Although it may be argued that attempts, successful or otherwise, by a marketing agency to divert business from a stockyard may result in disharmony between the parties and thereby lower the ability of both to render efficient service, still such argument, even if proved to be soundly based in fact, has no legal significance. The test of the validity of the regulation is not so dependent. Nor does the stockyard have the right to exclude from its yards those persons who lawfully trod upon its economic toes. The operation of a stockyard is affected with a public interest and devoted to a public use. Any properly exclusionary regulation must be based upon more than economic or personal desirability or its lack, for the duty to furnish services under the Act cannot be abrogated by considerations of the parties which might form a valid basis of private contract. Carnes v. St. Paul Union Stockyards Co., 164 Minn. 457, 205 N.W. 630, 206 N.W. 396; Nashville Union Stockyards v. Grissim, 153 Tenn. 225, 280 S.W. 1015; Farmers' Livestock Commission Co. v. U.S., D.C.E.D.Ill., 54 F.2d 375.

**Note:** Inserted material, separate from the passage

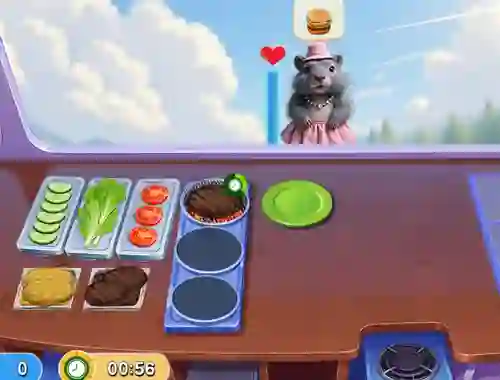 Permainan Marmot Diner Dash secara online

Stockyard companies are not monopolies and are in fact in active competition one with the other. The rights and duties thus occasioned must be correlated with the rights and duties of other entities recognized under the Act, and, both, finally, with the paramount public interest. An exclusionary regulation based upon diversion of business, such as we here consider, unlawfully restricts petitioner as a marketing agency and wounds the public interest. The persuasive words of the Supreme Court of Tennessee, passing upon the legality of a comparable situation, are in accord.
"Furthermore, we fail to find anything in the Packers and Stockyards Act that requires defendant or his employer to transact all of their business of receiving, buying, and selling livestock on complainant's premises, or from buying livestock and causing the same to be shipped to others than complainant. In other words, there is nothing in the act which requires * * * the defendants, to do all their business with complainant * * *." Nashville Union Stockyards v. Grissim, supra [ 153 Tenn. 225, 280 S.W. 1019].
The judicial officer expressed some concern as to whether he could properly consider this case absent some showing that the business done by petitioner with the stockyards was interstate commerce. Since the regulation was designed to affect all of the agents or dealers within the area, the question of petitioner's business does not arise, for whatever amounts to a constant practice and threatens to obstruct or unduly burden interstate commerce is within the regulatory power of Congress under the commerce clause, even though in a particular instance it affects only intrastate commerce. Stafford v. Wallace, supra, Note 9. Other contentions presented by the proponents of the regulation have been considered by us and deemed to be without merit.
We conclude that Regulation 10(c) is an unlawful restriction upon the statutory rights and duties of petitioners and all market agencies and bears no reasonable relationship to the duties required of the stockyard company under the provision of the Packers and Stockyards Act. The regulation is invalid upon its face and the cause is accordingly remanded with instructions to vacate the order dismissing petitioner's complaint and enter an appropriate order requiring the Denver Union Stockyard Company to cease and desist from issuing or enforcing its Regulation 10 (c).